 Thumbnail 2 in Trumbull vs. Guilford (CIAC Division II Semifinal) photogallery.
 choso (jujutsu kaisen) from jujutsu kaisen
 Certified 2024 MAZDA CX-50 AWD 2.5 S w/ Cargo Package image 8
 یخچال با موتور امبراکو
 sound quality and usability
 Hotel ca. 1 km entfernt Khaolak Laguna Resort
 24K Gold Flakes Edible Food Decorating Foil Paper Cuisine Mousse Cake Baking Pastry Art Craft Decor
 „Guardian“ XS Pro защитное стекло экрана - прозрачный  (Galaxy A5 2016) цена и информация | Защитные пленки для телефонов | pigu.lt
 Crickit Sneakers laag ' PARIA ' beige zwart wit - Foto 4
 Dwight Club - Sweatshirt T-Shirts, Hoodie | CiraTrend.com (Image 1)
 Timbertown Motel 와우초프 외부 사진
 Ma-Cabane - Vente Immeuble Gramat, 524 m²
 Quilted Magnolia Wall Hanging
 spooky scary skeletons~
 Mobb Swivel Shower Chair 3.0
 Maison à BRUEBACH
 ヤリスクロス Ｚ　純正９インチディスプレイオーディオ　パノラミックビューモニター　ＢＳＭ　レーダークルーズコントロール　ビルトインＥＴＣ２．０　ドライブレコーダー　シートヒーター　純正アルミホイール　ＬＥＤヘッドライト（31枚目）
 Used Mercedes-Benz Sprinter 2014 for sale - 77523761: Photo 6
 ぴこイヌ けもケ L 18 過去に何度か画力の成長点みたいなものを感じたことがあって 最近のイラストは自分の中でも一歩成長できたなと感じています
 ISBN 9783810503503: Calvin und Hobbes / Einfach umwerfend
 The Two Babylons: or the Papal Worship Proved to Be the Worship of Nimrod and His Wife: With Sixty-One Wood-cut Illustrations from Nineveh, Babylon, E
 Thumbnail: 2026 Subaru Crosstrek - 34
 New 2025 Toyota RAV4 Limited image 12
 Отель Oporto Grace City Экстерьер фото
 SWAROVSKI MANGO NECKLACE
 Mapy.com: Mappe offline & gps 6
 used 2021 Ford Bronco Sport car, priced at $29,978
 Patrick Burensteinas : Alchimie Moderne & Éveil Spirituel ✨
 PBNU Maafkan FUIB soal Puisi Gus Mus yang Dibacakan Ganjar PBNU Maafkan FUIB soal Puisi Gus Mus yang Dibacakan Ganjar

********

_Work instructions_.
Your response needs to restate the lines above exactly.

_Response_.
 Thumbnail 2 in Trumbull vs. Guilford (CIAC Division II Semifinal) photogallery.
 choso (jujutsu kaisen) from jujutsu kaisen
 Certified 2024 MAZDA CX-50 AWD 2.5 S w/ Cargo Package image 8
 یخچال با موتور امبراکو
 sound quality and usability
 Hotel ca. 1 km entfernt Khaolak Laguna Resort
 24K Gold Flakes Edible Food Decorating Foil Paper Cuisine Mousse Cake Baking Pastry Art Craft Decor
 „Guardian“ XS Pro защитное стекло экрана - прозрачный  (Galaxy A5 2016) цена и информация | Защитные пленки для телефонов | pigu.lt
 Crickit Sneakers laag ' PARIA ' beige zwart wit - Foto 4
 Dwight Club - Sweatshirt T-Shirts, Hoodie | CiraTrend.com (Image 1)
 Timbertown Motel 와우초프 외부 사진
 Ma-Cabane - Vente Immeuble Gramat, 524 m²
 Quilted Magnolia Wall Hanging
 spooky scary skeletons~
 Mobb Swivel Shower Chair 3.0
 Maison à BRUEBACH
 ヤリスクロス Ｚ　純正９インチディスプレイオーディオ　パノラミックビューモニター　ＢＳＭ　レーダークルーズコントロール　ビルトインＥＴＣ２．０　ドライブレコーダー　シートヒーター　純正アルミホイール　ＬＥＤヘッドライト（31枚目）
 Used Mercedes-Benz Sprinter 2014 for sale - 77523761: Photo 6
 ぴこイヌ けもケ L 18 過去に何度か画力の成長点みたいなものを感じたことがあって 最近のイラストは自分の中でも一歩成長できたなと感じています
 ISBN 9783810503503: Calvin und Hobbes / Einfach umwerfend
 The Two Babylons: or the Papal Worship Proved to Be the Worship of Nimrod and His Wife: With Sixty-One Wood-cut Illustrations from Nineveh, Babylon, E
 Thumbnail: 2026 Subaru Crosstrek - 34
 New 2025 Toyota RAV4 Limited image 12
 Отель Oporto Grace City Экстерьер фото
 SWAROVSKI MANGO NECKLACE
 Mapy.com: Mappe offline & gps 6
 used 2021 Ford Bronco Sport car, priced at $29,978
 Patrick Burensteinas : Alchimie Moderne & Éveil Spirituel ✨
 PBNU Maafkan FUIB soal Puisi Gus Mus yang Dibacakan Ganjar PBNU Maafkan FUIB soal Puisi Gus Mus yang Dibacakan Ganjar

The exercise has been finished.